_EXERCISE MATERIALS_.
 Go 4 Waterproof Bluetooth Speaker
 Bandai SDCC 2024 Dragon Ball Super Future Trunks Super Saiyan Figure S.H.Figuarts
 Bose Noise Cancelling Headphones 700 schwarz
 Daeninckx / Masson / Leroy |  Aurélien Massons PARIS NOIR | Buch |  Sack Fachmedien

* * *

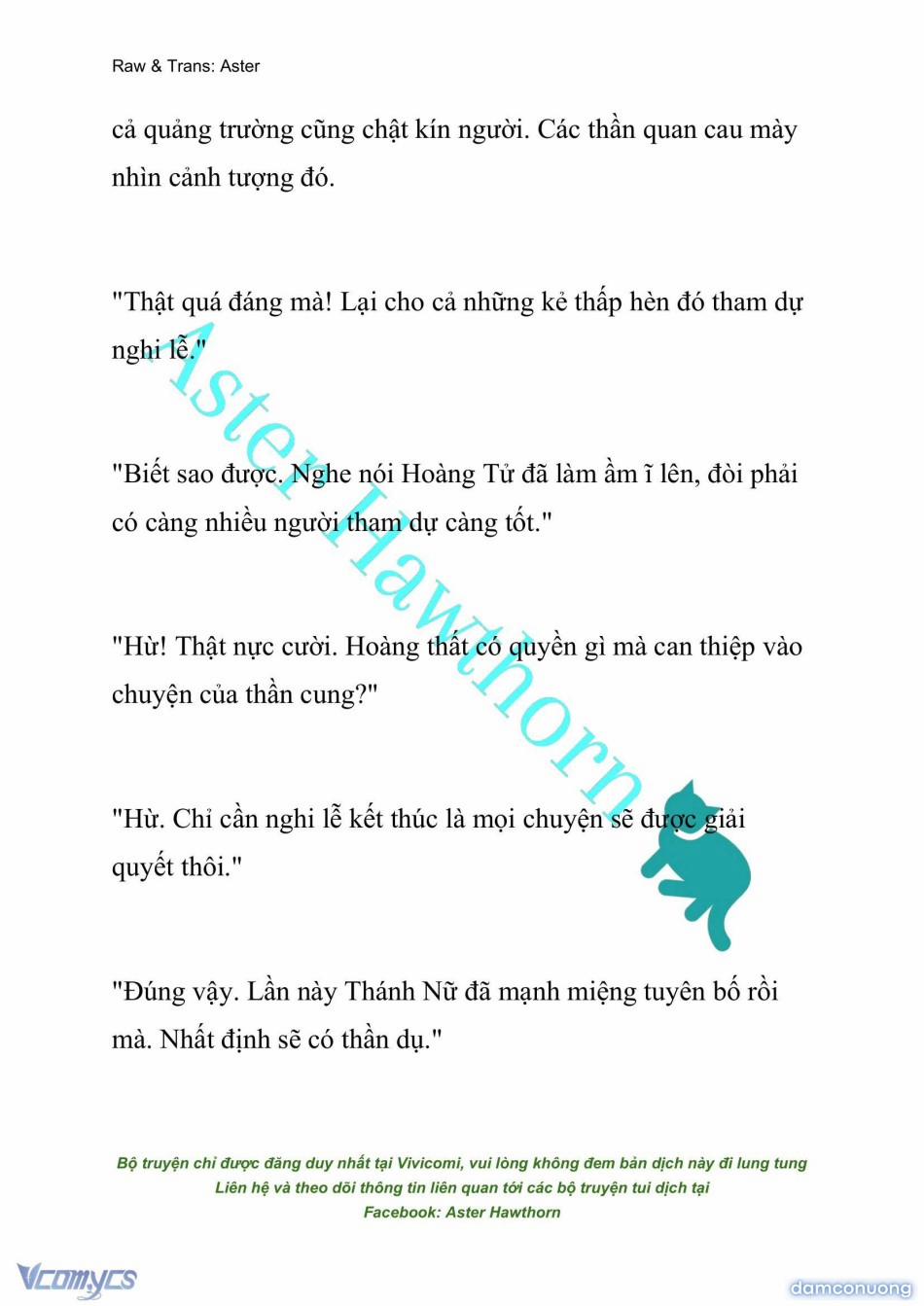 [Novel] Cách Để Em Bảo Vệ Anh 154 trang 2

--

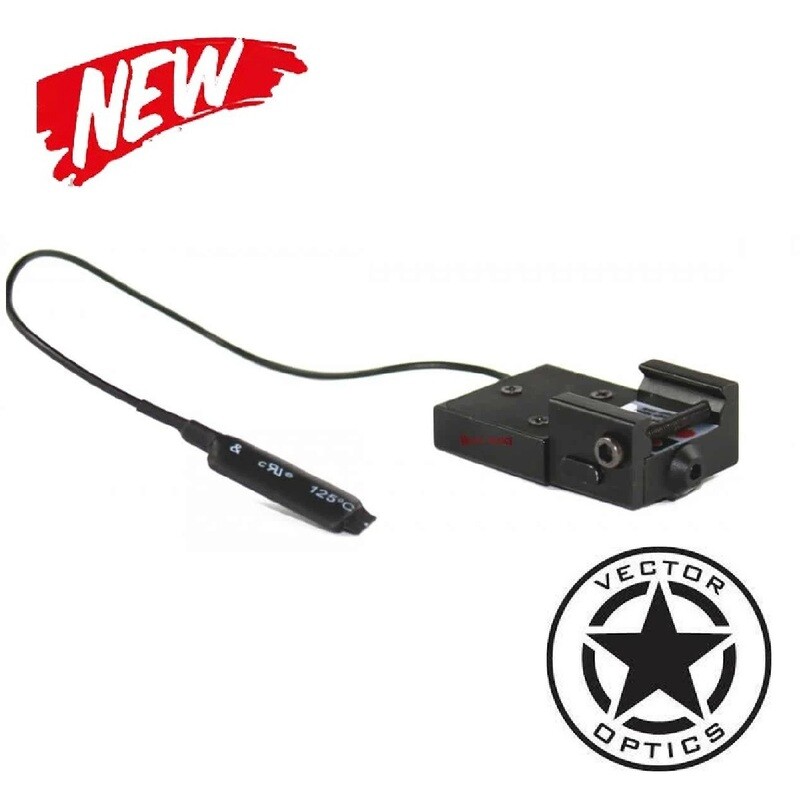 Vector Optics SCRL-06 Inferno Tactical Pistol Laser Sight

_EXERCISE_. Above are the records; print exactly the lines from the line with "Go 4 Waterproof Bluetooth Speaker" to the line with "Daeninckx / Masson", including both, and nothing else.

_EXERCISE SOLUTION_.
 Go 4 Waterproof Bluetooth Speaker
 Bandai SDCC 2024 Dragon Ball Super Future Trunks Super Saiyan Figure S.H.Figuarts
 Bose Noise Cancelling Headphones 700 schwarz
 Daeninckx / Masson / Leroy |  Aurélien Massons PARIS NOIR | Buch |  Sack Fachmedien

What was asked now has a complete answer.